The German subsidiary, Kuert Datenrettung Deutschland GmbH, was set up in March 2003, and is based in Bochum in the Ruhr region. Kürt Computer has so far invested around $l million in its German subsidiary, which is equivalent to the parent company’s yearly profit. “Our operation in Gemrany started with data recovery, as we could undercut competitors by as much as half. It is moving towards data security, and is very much fitting in with our plans,” said Kürti.
Meanwhile, Vienna-based Kuert Information Management GmbH was set up at the beginning of this year. Kürt Computer currently employs 55 in Hungary, 12 in Germany and 5 in Austria. According to Kürti, many activities are outsourced in Germany and Austria.
Overall, Kürt Computer’s revenue for 2003 was around Ft1 billion (€4 million), with around two-thirds coming from data security and the other third from data recovery. Kürt Computer recently completed a major project that involved merging two companies’ data during a merger. Confidentiality agreements meant the company was unable to reveal the names of the firms involved. The German subsidiary is expeeted to break even this year, posting revenue of €800,000, said Kürti.
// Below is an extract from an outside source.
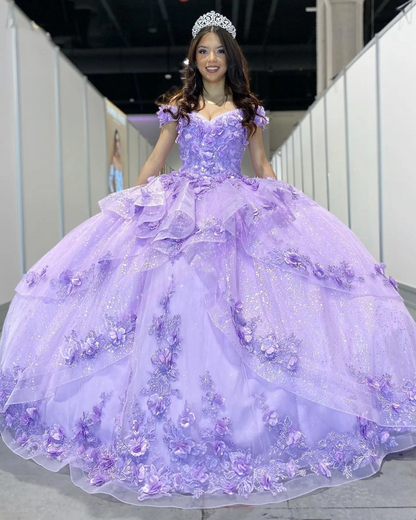 Light Blue Sparkly Off The Shoulder Appliques Prom Dress Quinceanera Dress Sweet 16 Prom Dresses Ball Gowns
Kürti admitted that his company’s expansion strategy is a conservative one, and is based entirely on minimizing risk. Expansion is funded out of profits, as the company is unwilling to take out credit from banks. “It’s perhaps a disadvantage that we never use credit. We have no practice or knowledge about how to use credit, ” quipped Kürti. However, this may be about to change, as Kürti ponders how to accelerate international growth. “Now we’re in the EU, and with lower inflation, we have to think about taking out loans,” he said.
Kürt Computer recently became one of the founding members of the Hungarian chapter of the IT Services Management Forum (ITSMF). This will help boost the company’s international profile as a quality provider of data protection and other IT services, according to Kürti. “The aim is to gather all the knowledge together through a network of international contacts and establish best practices, so that it’s easier to access key information and add knowledge,” he said.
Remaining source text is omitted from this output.